Artificial Intelligence - foundations of computational agents -- 7.2 Supervised Learning

Third edition of Artificial Intelligence: foundations of computational agents, Cambridge University Press, 2023 is now available (including the full text).

7.2 Supervised Learning

An abstract definition of supervised learning is as follows. Assume the learner is given the following data:

a set of input features, X₁,...,X_n;
a set of target features, Y₁,...,Y_k;
a set of training examples, where the values for the input features and the target features are given for each example; and
a set of test examples, where only the values for the input features are given.

The aim is to predict the values of the target features for the test examples and as-yet-unseen examples. Typically, learning is the creation of a representation that can make predictions based on descriptions of the input features of new examples.

If e is an example, and F is a feature, let val(e,F) be the value of feature F in example e.

Example	Author	Thread	Length	Where Read	User Action
e₁	known	new	long	home	skips
e₂	unknown	new	short	work	reads
e₃	unknown	follow Up	long	work	skips
e₄	known	follow Up	long	home	skips
e₅	known	new	short	home	reads
e₆	known	follow Up	long	work	skips
e₇	unknown	follow Up	short	work	skips
e₈	unknown	new	short	work	reads
e₉	known	follow Up	long	home	skips
e₁₀	known	new	long	work	skips
e₁₁	unknown	follow Up	short	home	skips
e₁₂	known	new	long	work	skips
e₁₃	known	follow Up	short	home	reads
e₁₄	known	new	short	work	reads
e₁₅	known	new	short	home	reads
e₁₆	known	follow Up	short	work	reads
e₁₇	known	new	short	home	reads
e₁₈	unknown	new	short	work	reads
e₁₉	unknown	new	long	work	?
e₂₀	unknown	follow Up	long	home	?

Figure 7.1: Examples of a user's preferences. These are some training and test examples obtained from observing a user deciding whether to read articles posted to a threaded discussion board depending on whether the author is known or not, whether the article started a new thread or was a follow-up, the length of the article, and whether it is read at home or at work. e₁,...,e₁₈ are the training examples. The aim is to make a prediction for the user action on e₁₉, e₂₀, and other, currently unseen, examples.

Example 7.1: Figure 7.1 shows training and test examples typical of a classification task. The aim is to predict whether a person reads an article posted to a bulletin board given properties of the article. The input features are Author, Thread, Length, and Where Read. There is one target feature, User Action. There are eighteen training examples, each of which has a value for all of the features.

In this data set, val(e₁₁,Author)=unknown, val(e₁₁,Thread)=follow Up, and val(e₁₁,UserAction)=skips.

The aim is to predict the user action for a new example given its values for the input features.

The most common way to learn is to have a hypothesis space of all possible representations.
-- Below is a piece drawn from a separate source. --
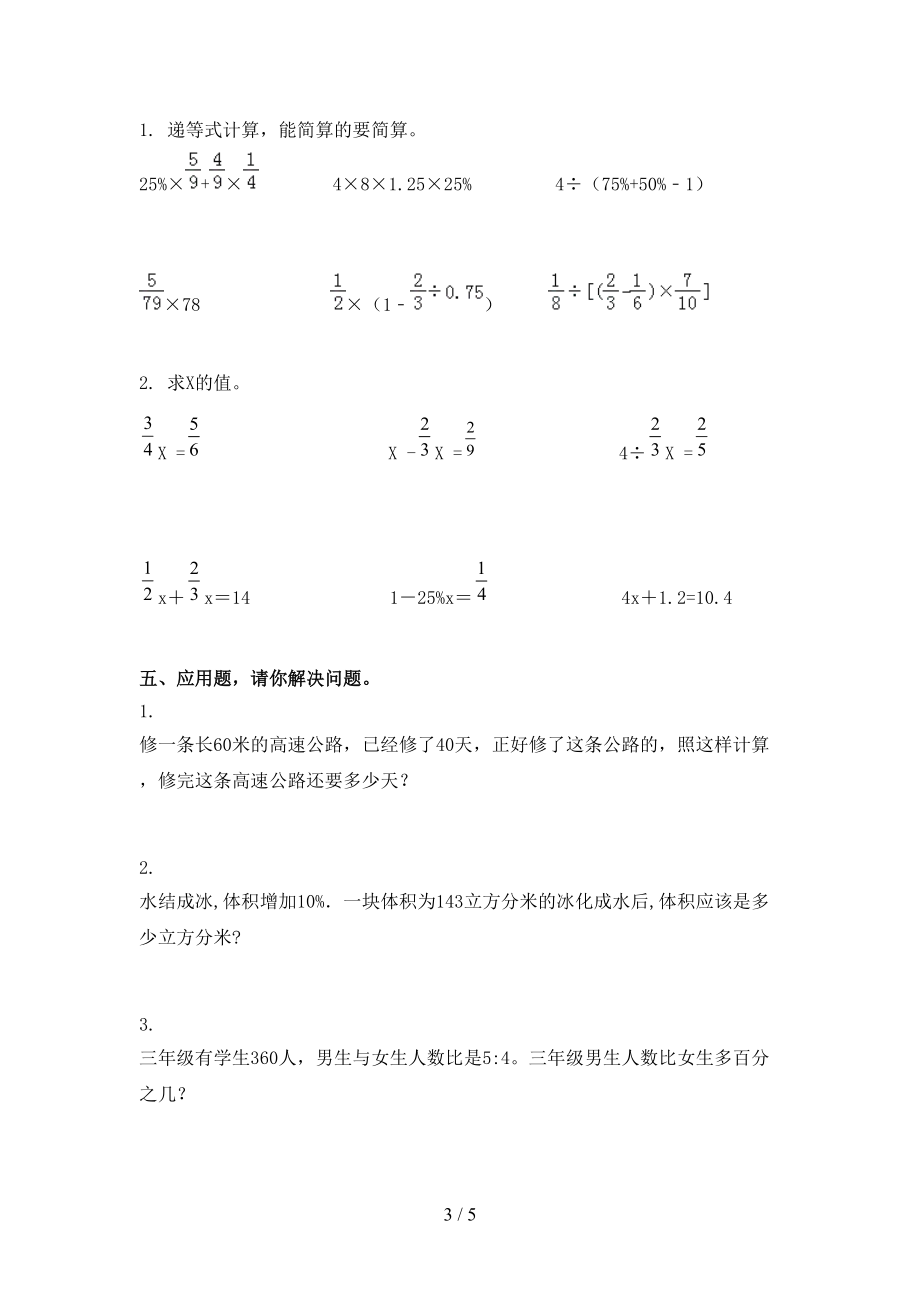 北师大版2021六年级数学上册期末考试题集.doc_第3页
Each possible representation is a hypothesis. The hypothesis space is typically a large finite, or countably infinite, space. A prediction is made using one of the following:

the best hypothesis that can be found in the hypothesis space according to some measure of better,
all of the hypotheses that are consistent with the training examples, or
the posterior probability of the hypotheses given the evidence provided by the training examples.

One exception to this paradigm is in case-based reasoning, which uses the examples directly.